Yet again, the private sector could be crowded out of the credit market as government turns to domestic borrowing to cover gap left by the World Bank, a move likely to slow down growth, writes ALON MWESIGWA.
Ugandans will find it hard to borrow if government chooses to get money from the domestic market to fill the gap left by the World Bank’s recent cash freeze, a Bank of Uganda official has warned.
Appearing on Capital Gang radio show last Saturday, Thomas Bwire, a senior principal banking officer at BOU, said: “Their [World Bank’s] getting out implies [government] will put more pressure on the domestic borrowing.”
Ironically, the development lender’s concern is that Uganda has failed to absorb most of the money the former has advanced to it. The bank announced last week that it had decided to stop new lending to Uganda, as it reviews ongoing projects.
“The World Bank group took a decision to withhold new lending to Uganda effective August 22, 2016 while reviewing the country’s portfolio in consultation with the government of Uganda,” it said in a statement last week. It asked “Ugandan authorities to address the outstanding performance issues in the portfolio, including delays in project effectiveness, weaknesses in safeguards monitoring and enforcement, and low disbursement.”
As of April 2016, the World Bank’s Uganda portfolio included 17 national active operations with a $2.1bn commitment, according to a statement on WB’s website. The suspension will not affect ongoing projects. The government announced in the 2016/17 budget that it would only borrow Shs 600bn domestically this year.
This was deliberate to allow the private sector borrow more and shower up growth. When government borrows a lot domestically, most banks rush to lend to it instead of giving money to private businesses and individuals because it offers no risk.
But it also means interest rates, currently averaging 23 per cent, are likely to remain high for the risky borrowers. Previously, government domestic borrowing has always hovered around Shs 1.4tn.
According to BOU, credit growth in the first half of 2016 averaged 3.9 per cent, compared to 9.6 per cent in the same period of 2015.
And when private businesses aren’t borrowing, it slows down the economy’s growth. In a speech to ministers and ambassadors at a government retreat in Munyonyo recently, Matia Kasaija, the finance minister, said Uganda will grow at 4.8 per cent this financial year, lower than the earlier projected five per cent. It grew at 4.6 per cent last financial year.
Kasaija told The Observer that issues ranged from expensive credit to unfavourable weather conditions, which hamper this financial year’s growth. The World Bank’s 2016 Uganda economic update, released in July, said the country was not getting value for money on investments on most public projects over the past decade. It added that this will not transform the country into a middle-income status soon.
The WB said Uganda’s projects were characterized by “endemic delays in implementation, cost overruns, and corruption means that sometimes projects come twice the original cost.”

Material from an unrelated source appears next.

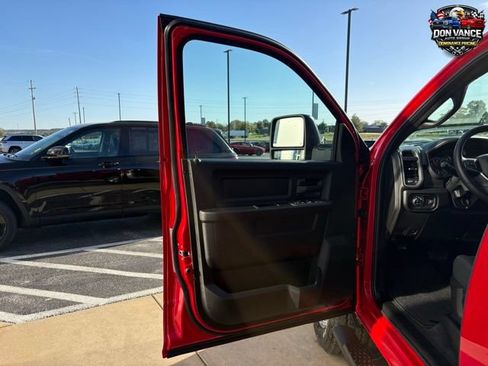 New 2026 RAM 2500 Tradesman AWD/4WD image 9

Some of the projects are given as political gifts and no thorough assessment is done.
Christina Malmberg Calvo, the World Bank Uganda country manager, said: “Over the past decade, for every shilling invested in the development of Uganda’s infrastructure, less than a shilling [about 70 per cent of a shilling] of economic activity has been generated. That’s not good and will not translate into a transformed middle-income country anytime soon.”

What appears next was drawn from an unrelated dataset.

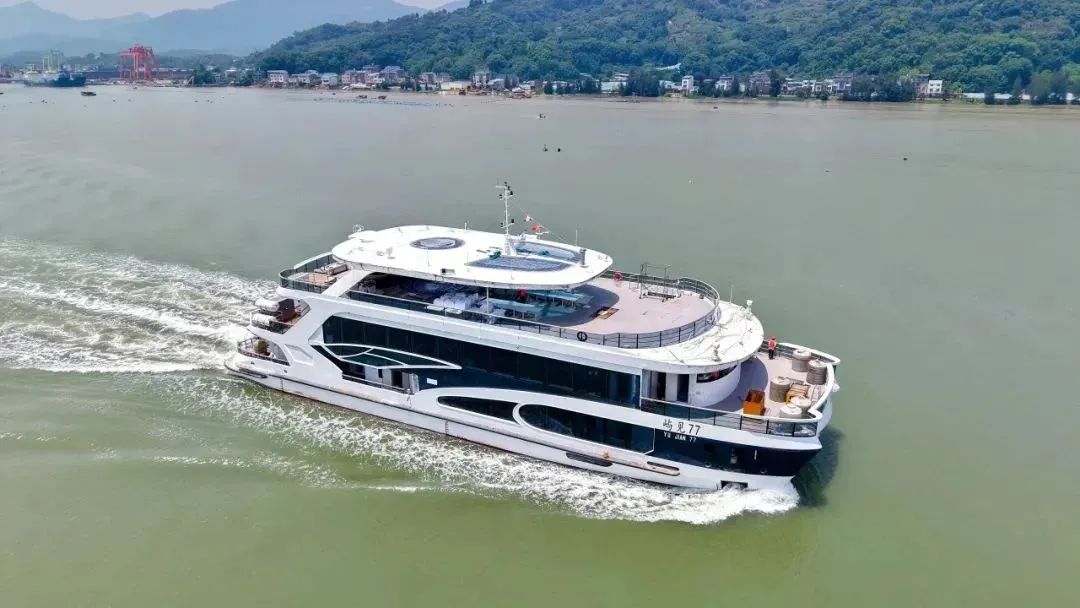 “屿见77”游客船。图源：宁德海事局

While Uganda continues to borrow, billions of shilling from other lenders remain unconsumed, yet taxpayers continue to pay interest. In the 2014/15 auditor general’s report, out of 73 loans assessed, 15 were at zero absorption, while 58 were performing below 20 per cent.
When he appeared before the parliament’s Public Accounts Committee (PAC) Secretary to the Treasury Keith Muhakanizi blamed procurement gaps and inefficiency in ministries for the low absorption rate.
He said “Uganda was the worst in Africa” when it came to loans absorption.
President Museveni said at the Munyonyo retreat that ministries fail to use the money because “officials wand enjawulo [kickbacks]”.
Government officials deliberately delay to implement some projects as they buy time in a bid to profiteer from them.